#### RECORD EXTRACTS:
════════
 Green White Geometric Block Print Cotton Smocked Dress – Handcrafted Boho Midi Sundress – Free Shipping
════════
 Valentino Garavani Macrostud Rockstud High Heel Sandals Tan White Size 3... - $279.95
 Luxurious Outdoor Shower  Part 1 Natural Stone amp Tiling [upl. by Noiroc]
════════
#### EXERCISE:
Above are the records. Copy the lines beginning at the one that has "Valentino Garavani Macrostud" and ending with the one that has "Luxurious Outdoor Shower", unchanged.

#### TASK ANSWER:
 Valentino Garavani Macrostud Rockstud High Heel Sandals Tan White Size 3... - $279.95
 Luxurious Outdoor Shower  Part 1 Natural Stone amp Tiling [upl. by Noiroc]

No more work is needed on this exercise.